Goldman Sachs trimmed its 2026 earnings growth forecast for the MSCI emerging markets index by two percentage ​points to 23%, ⁠citing pressure on equity markets from the ongoing Middle East ‌conflict.

The brokerage lowered the benchmark index's 3-month and 6-month target to 1520 and 1580 ​from 1570 and 1600 previously, but reiterated its 12-month target of 1680.

The MSCI EM ​index last ​closed at 1469.47 on Friday. 

* The Wall Street brokerage expects 2026 earnings-per-share (EPS) for the benchmark index at $112 about 2% lower ⁠than its prior forecast, reflecting its 23% EPS growth.

* Goldman also estimated a $30 per barrel rise in oil prices could reduce the index earnings by about 3%-4%.

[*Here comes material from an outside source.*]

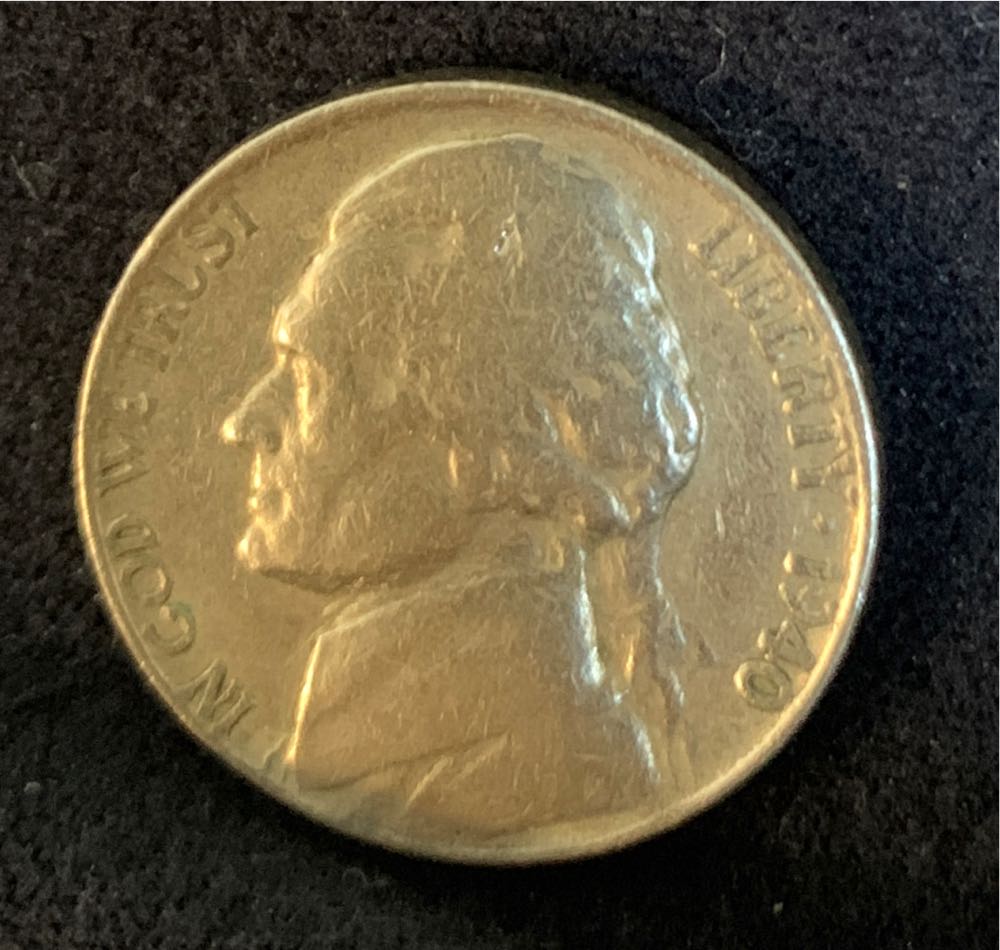 Five Dollar Federal Reserve Note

* "We think the near-term path could remain challenging as markets attempt ​to gauge ‌the length ⁠and severity of ⁠damage to energy infrastructure and disruption to transit through the Strait of Hormuz," Goldman said ​in a note on Friday.

* Excluding the ‌tech/AI markets of Korea and Taiwan, EM (excluding ⁠North Asia) offers 11% EPS growth compared to its prior forecast 13%.

* Within EM, Goldman expects Middle east and North Africa (MENA) region to take the sharpest hit to earnings followed by India.

* The brokerage expects EM North Asia to remain resilient and Latam could see 'modest' earnings upgrades as they benefit from higher energy and metal prices.

* The brokerage remains "strategically constructive" on EM equities and continues to recommend diversified exposure ‌across regions, balancing tech-heavy North Asia with domestic-oriented EM markets.

* Goldman ⁠upgraded the EM energy sector to "neutral" from "underweight" rating ​citing near-term earnings tailwinds from higher oil prices.

* On the other hand, the brokerage downgraded real estate to "neutral" from "overweight" given risks to the UAE ​real estate sector - ‌which accounts for nearly a third of the ⁠regional real estate weight.